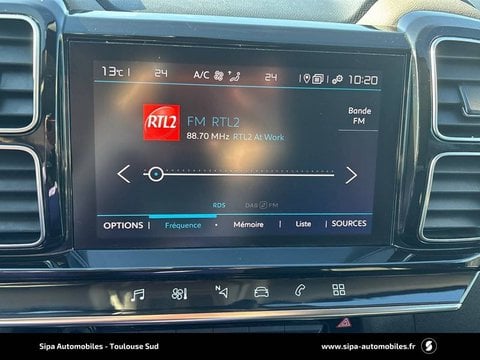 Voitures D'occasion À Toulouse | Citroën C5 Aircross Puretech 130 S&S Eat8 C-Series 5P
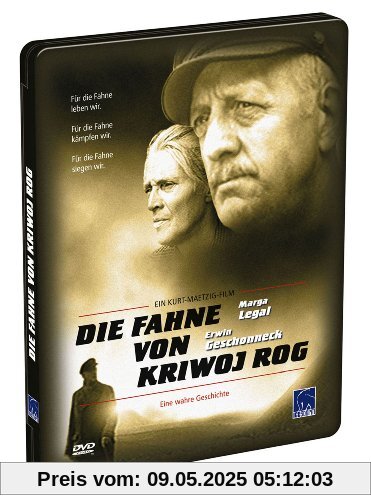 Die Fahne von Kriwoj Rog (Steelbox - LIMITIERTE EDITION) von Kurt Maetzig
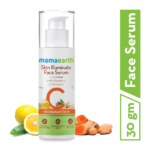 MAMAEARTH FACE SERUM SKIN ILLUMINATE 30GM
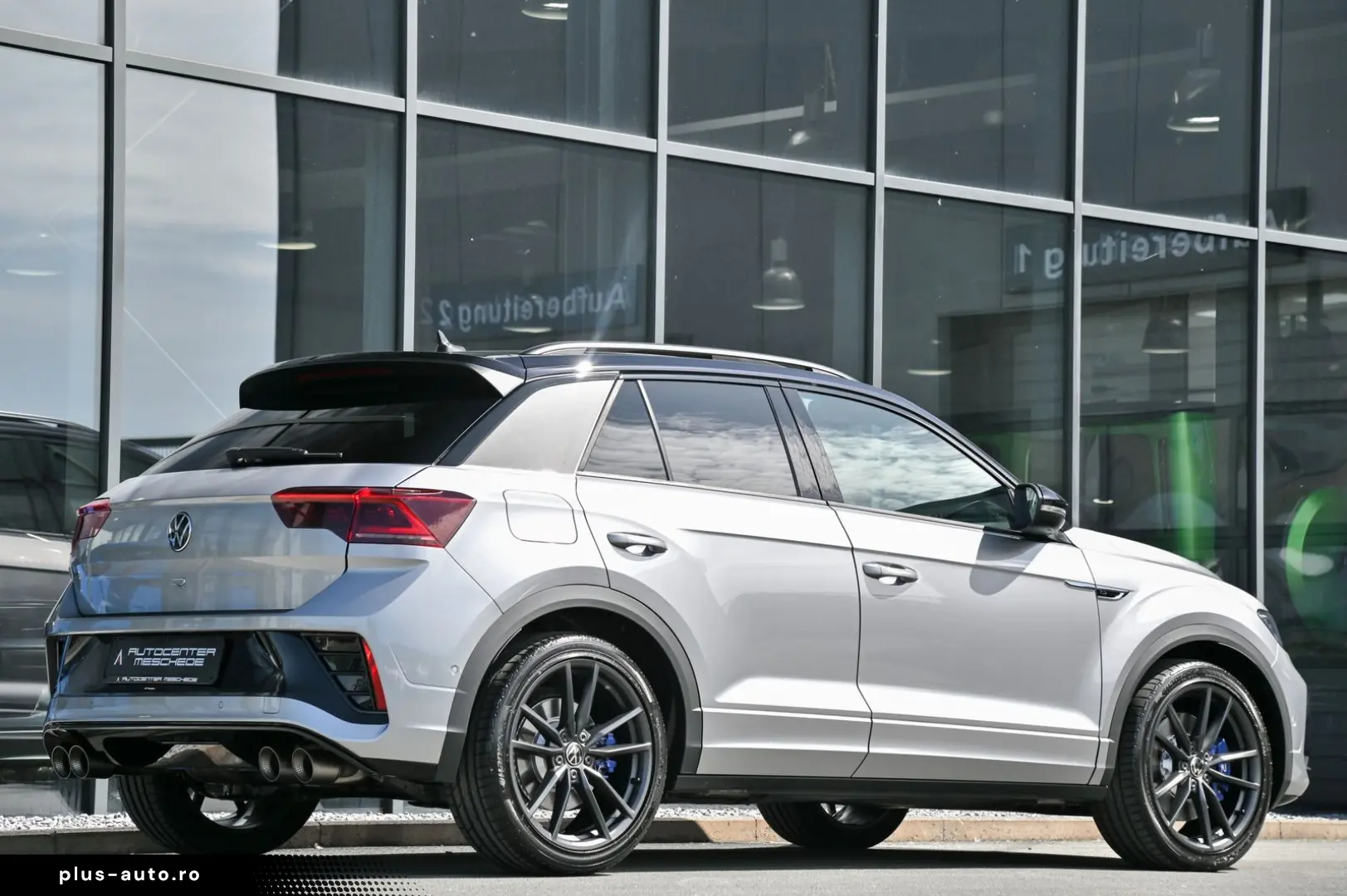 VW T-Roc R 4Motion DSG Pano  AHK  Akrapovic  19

· · ·

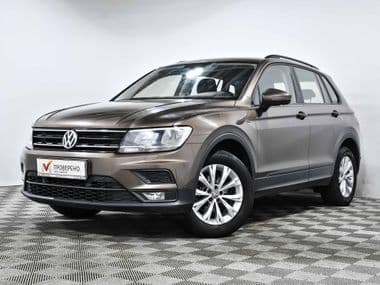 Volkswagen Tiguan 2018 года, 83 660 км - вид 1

· · ·

* PROBLEM TO WORK ON
Within the listing above, find the line containing "Die Fahne von" and the line containing "VW T-Roc R 4Motion". Transcribe them and everything between them exactly, leaving out the pictures.

* YOUR RESPONSE
 Die Fahne von Kriwoj Rog (Steelbox - LIMITIERTE EDITION) von Kurt Maetzig
 MAMAEARTH FACE SERUM SKIN ILLUMINATE 30GM
 VW T-Roc R 4Motion DSG Pano  AHK  Akrapovic  19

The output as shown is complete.